Id sure like to hook up 3 of them to the robot

#9  
@DJ ... if you happen to read this, a question.
I am just getting ready to build my robots head (large robot).
Now that EZB is getting ready to adapt the Kinect I am wondering should I continue with that or not?
Will the Kinect also be used as a camera?
Will it be detecting the QR codes, face tracking, color, etc?
I would hate to go about and build my head and then switch it all to the Kinect.
Hate to bother you with this but just wondering?

Herr
#11  
OMG EZ-B and the Kinect, I can't wait to interface this setup. I belive we should know as much about the Kinect as possible so we robot builders can create wounderful things. My first question was how is the kinect put together, can we take it apart to customize it into our robots body, or are we to have robots with Kinect heads. So the first thing I wanted to know was how to take it apart without destroying it, so I found this great video that shows you the tools needed and the step by step process. Even if you don't plan on taking it apart at least you get to see what makes this thing tic. Enjoy

#12  
Thanks @Tymtravler That is a great find.

Alan
#14  
So, i checked the kinect sdk and other downloadable file. Looks like there are some real cool things that can be done. Im imagining that raw data can be taken from the kinect, but the processing might require some power.
My d810 laptop was barely pulling it



I would imagine that you pass the data to the pc for processing. I might be wrong
#15  
Correct. The Kinect device must be connected to a Windows PC via USB. It cannot actually sit on your robot unless the robot has its own PC on-board. It does require a fair amount of performance from the PC in order to do all the fancy skeletal tracking and stuff.
#16  
My pc will be in the robot. Much like human brain, the ezb will act partially as occipital lobe, and as brainstem. The frontal lobe functions will be on the pc, along with heavy visual calculations


Here, however, is a video contradictory to your statement


#17  
That's pretty cool. Although it does have a PC on board (Atom based). Technically it could be running Linux and not Windows and therefore would use Open Source drivers and code for Kinect.

It would have been more accurate for me to say that if you wanted to use the official Kinect SDK from Microsoft, then you would need to be running Windows 7 or 8 on a PC that is connected to the Kinect device by USB.
#18  
That design i seen before and is uses linux ROS software,that needs less processing power then windows.
ROS has drivers for LIDAR laser that goes for $1200 and KINECT.
United Kingdom
#19  
@Mike, since ARC requires Windows it should be a given that so will the Kinect additions anyway, although the clarification may aid others.

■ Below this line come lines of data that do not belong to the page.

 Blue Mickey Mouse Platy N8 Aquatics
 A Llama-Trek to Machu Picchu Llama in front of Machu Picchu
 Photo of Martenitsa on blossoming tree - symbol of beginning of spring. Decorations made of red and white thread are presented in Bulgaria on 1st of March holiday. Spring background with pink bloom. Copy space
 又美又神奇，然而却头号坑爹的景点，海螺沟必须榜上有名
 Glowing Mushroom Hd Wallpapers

Is there no way for the Kinect to wirelessly transmit the data to the PC with any kind of add on? Wireless USB hub for instance?

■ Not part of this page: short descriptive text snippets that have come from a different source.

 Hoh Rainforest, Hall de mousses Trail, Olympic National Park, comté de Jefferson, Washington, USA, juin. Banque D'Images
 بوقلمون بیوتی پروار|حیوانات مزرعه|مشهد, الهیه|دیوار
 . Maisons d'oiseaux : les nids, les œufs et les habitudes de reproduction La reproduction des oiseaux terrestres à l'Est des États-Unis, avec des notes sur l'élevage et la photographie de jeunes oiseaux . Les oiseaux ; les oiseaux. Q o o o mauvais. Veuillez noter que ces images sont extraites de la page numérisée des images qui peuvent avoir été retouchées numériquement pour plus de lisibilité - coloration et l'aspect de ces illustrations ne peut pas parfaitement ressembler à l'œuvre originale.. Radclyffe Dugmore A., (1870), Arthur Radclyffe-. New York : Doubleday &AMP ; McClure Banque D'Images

A further downside to the Kinect is the power demand it has, although correct me if I am wrong but isn't the stated power demand including the tilt motor too? Without motor (or requirement for moving it) the power demand is drastically decreased if I recall correctly?
#20  
Thats right. Power is used for the motor, but the wall outlet can be replaced with a battery pack
#21  
Here's a project where someone used batteries to run the Kinect. Even without the motor, the Kinect uses a fair amount of power for the electronics and the laser diodes. There is also a processor on board that cleans up the audio signals and handles echo cancellation. You should budget for about 1A of current at 12V.

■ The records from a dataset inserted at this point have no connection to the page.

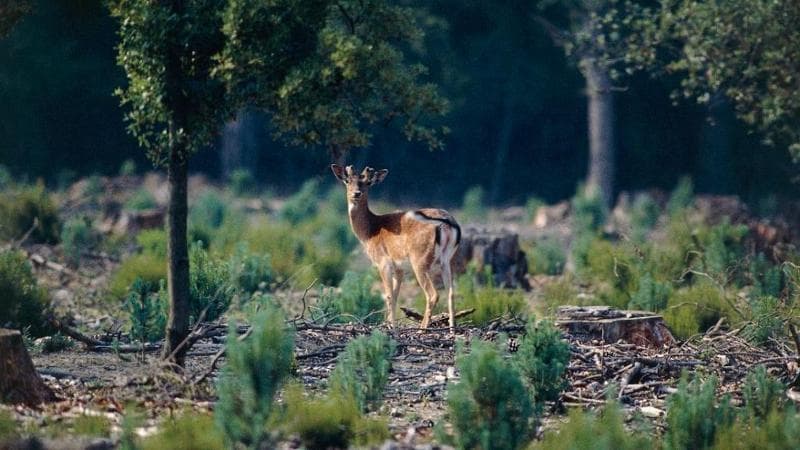 Daino (Dama dama), Riserva di San Rossore, Parco Naturale di Migliarino, San Rossore e Massaciuccoli
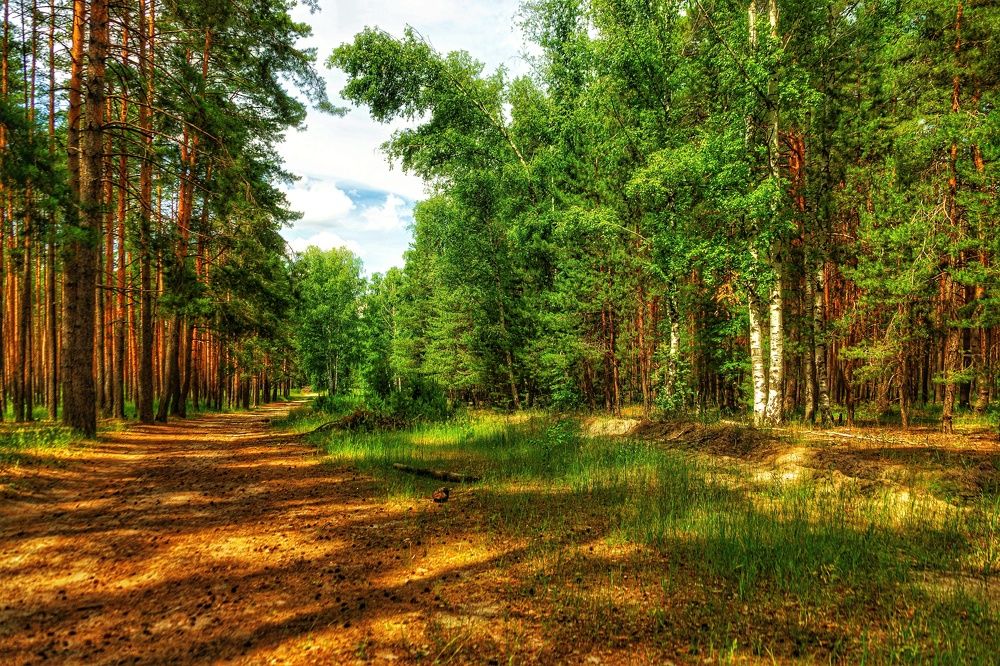 Photograph by Михаил Пасынков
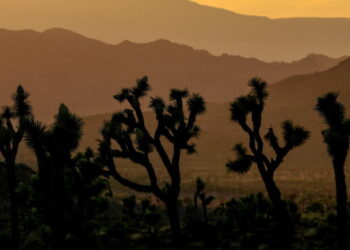Joshua tree preservation projects scrapped after Trump administration blocks funding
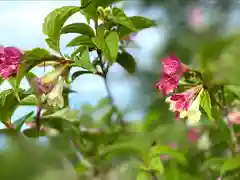 山家神社奥宮の自然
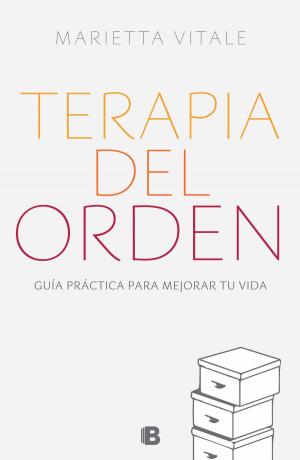 Cover of the book Terapia del orden by Marcelo Larraquy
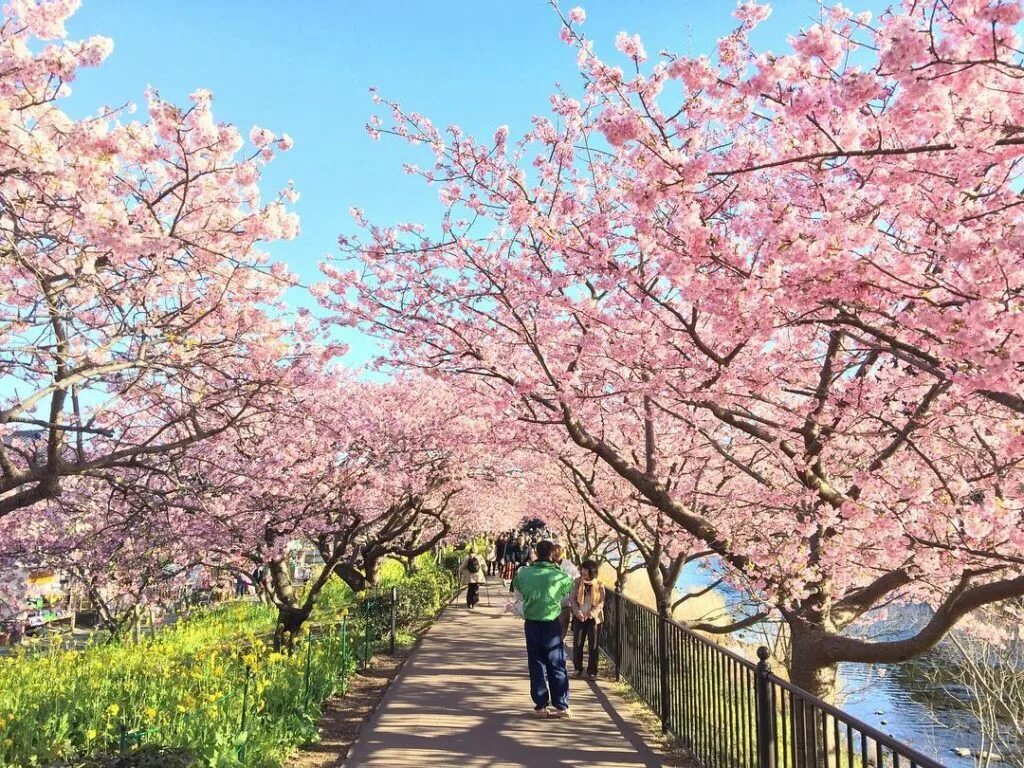 Автор сакуры. Япония весной Сидзуока цветение Сакуры. Период цветения Сакуры в Японии. Кавадзу Япония.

Now we're Kinecting with Battery Power!

I haven't heard of anyone using wireless USB though. In theory it should work as long as both the Kinect and the PC think they are talking to normal USB. The challenge is that Kinect streams data at a very high rate. So finding a very fast, reliable wireless adapter for the USB may be problematic.
#22  
@DeMoNN great site info, there is also a youtube with it on a Roomba.
Here is the link.


Germany
#23  
Hmm...it only makes sense if it is wireless.
And a i5 or i7 on a robot is a bit oversized in my opinion.
What's about a singlecore atom board like N270, i tiink it will work with win7 and kinect but can it handle the ez robot softwate too?


Marc
#24  
Well obviously kinect is not useful for a nanobot army, however, if its mounted to an ez-b quadrocopter, it can communicate surroundings or commands tothe other robots. The advanced depth perception is a very neat tool
#25  
Wow so soon we will be able to connect a kinect module to the EZ-B Controller and control it with the ARC software?

The kinect is an amazing senesor, that would open up all sorts of possibilities with software.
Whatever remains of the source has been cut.